» **PROBLEM DETAILS**:
Write out exactly, excluding pictures, the lines from the one containing "Handbook Of Teaching" through the end of the data, both included.

» **RECORDS SHOWN**:
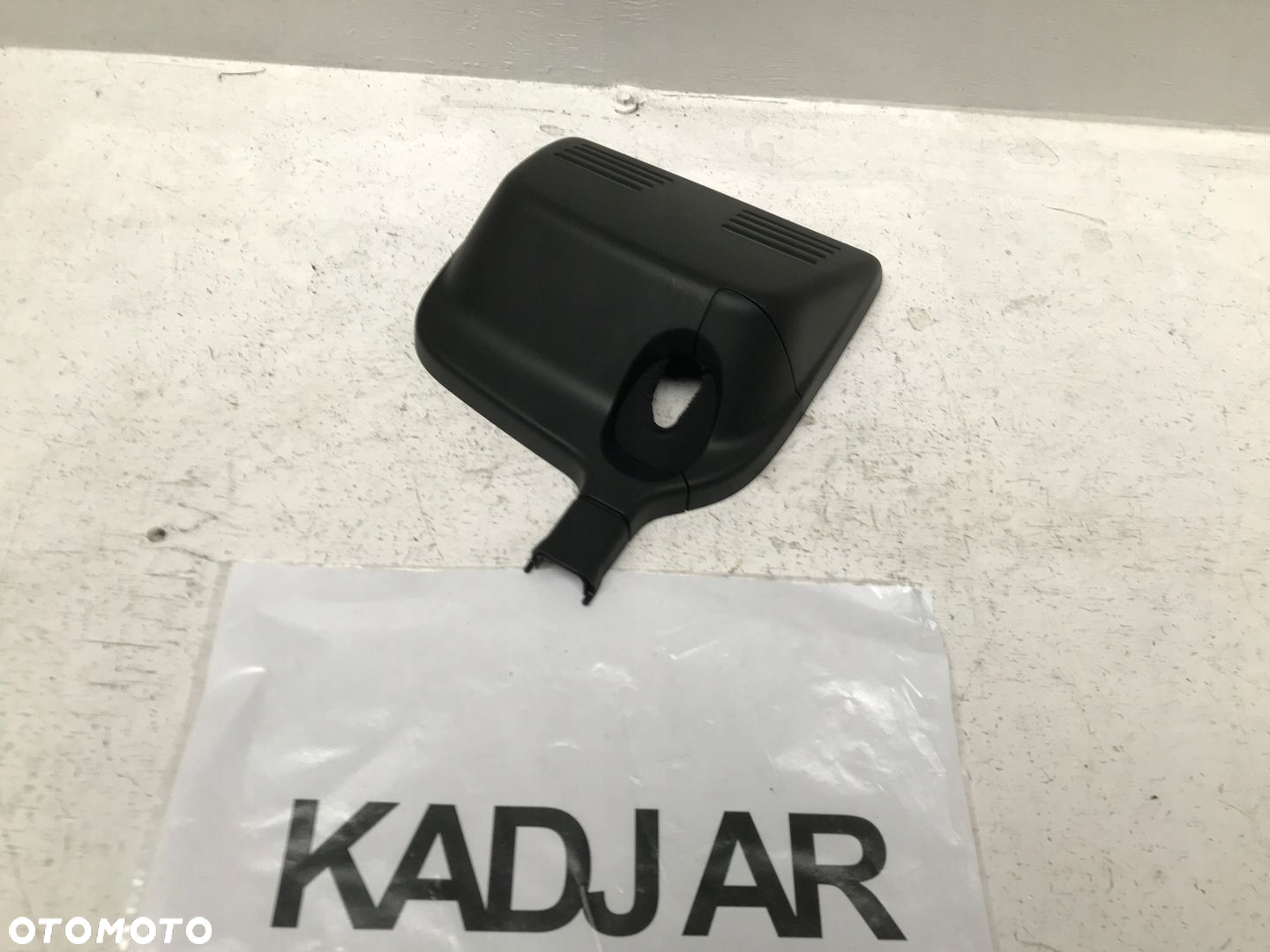 RENAULT KADJAR LIFT OBUDOWA LUSTERKA WEWNĘTRZNEGO OSŁONA 963A97529R 18-22 - 4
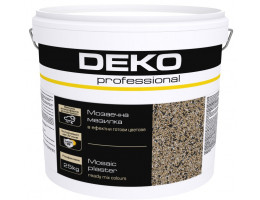 Мозаечна мазилка 1049 Deko Professional - 25 kg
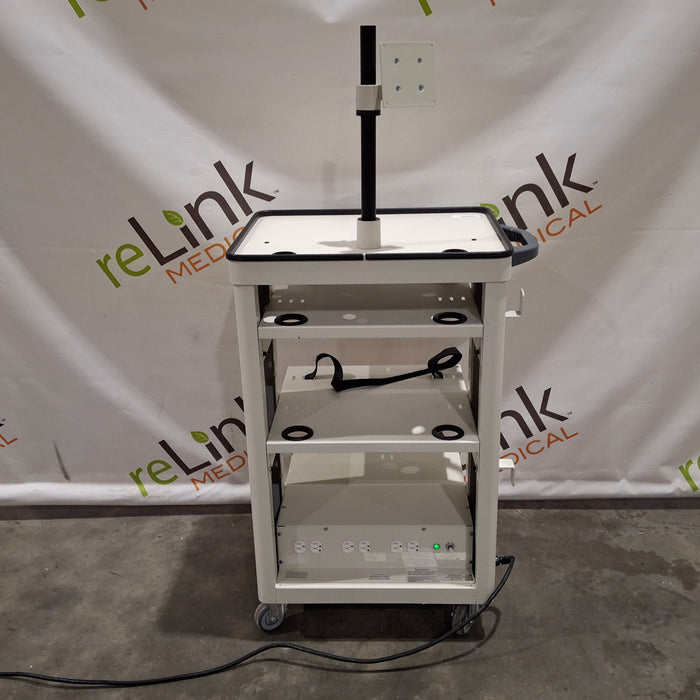 Karl Storz OfficeKart 9801 Endoscopy Cart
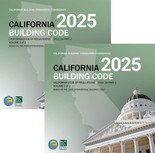 2025 California Building Code - 9781967590025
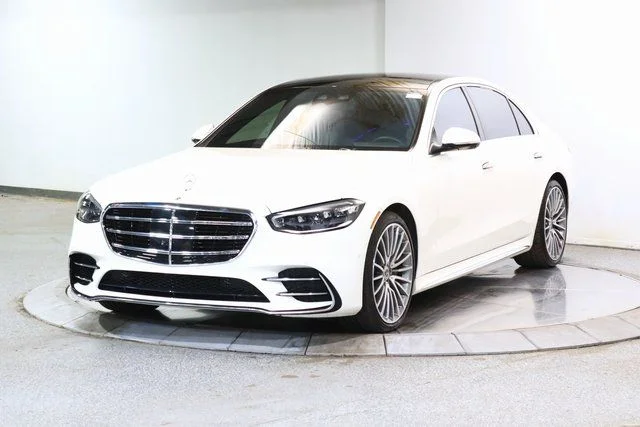 2023 Mercedes-Benz S-Class S 580 - Photo 13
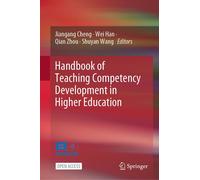 Handbook Of Teaching Competency Development In Higher Education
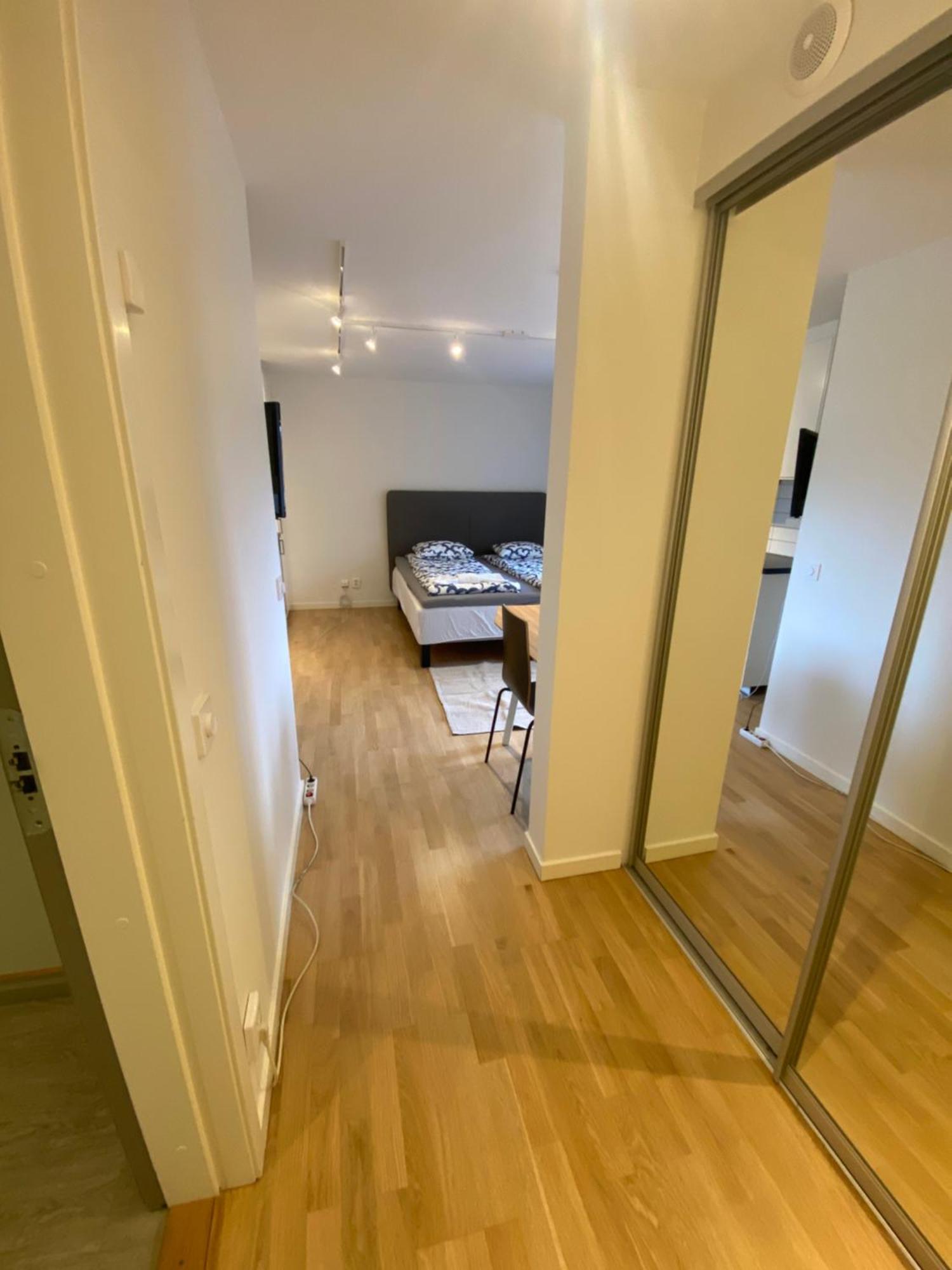 Nordhemsgatan 23 Apartman Göteborg Kültér fotó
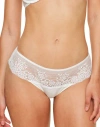 Adore Me Alara Cheeky Panties In White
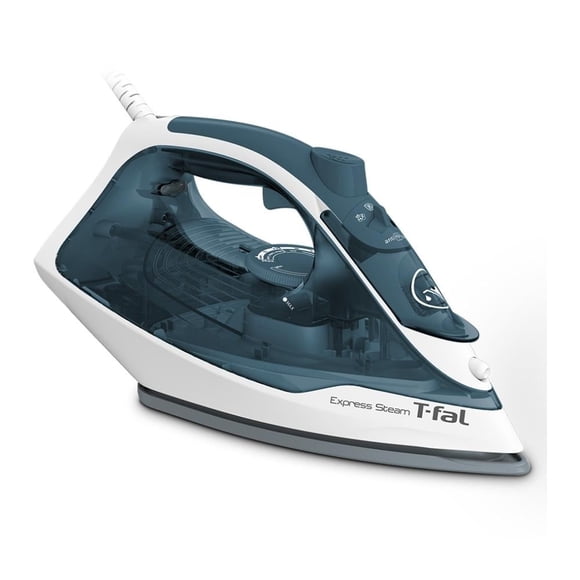 Plancha T-Fal Express Steam Suela True Ceramic Glide 1600W FV2830X0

» **SOLUTION FOR THIS PROBLEM**:
 Handbook Of Teaching Competency Development In Higher Education
 Nordhemsgatan 23 Apartman Göteborg Kültér fotó
 Adore Me Alara Cheeky Panties In White
 Plancha T-Fal Express Steam Suela True Ceramic Glide 1600W FV2830X0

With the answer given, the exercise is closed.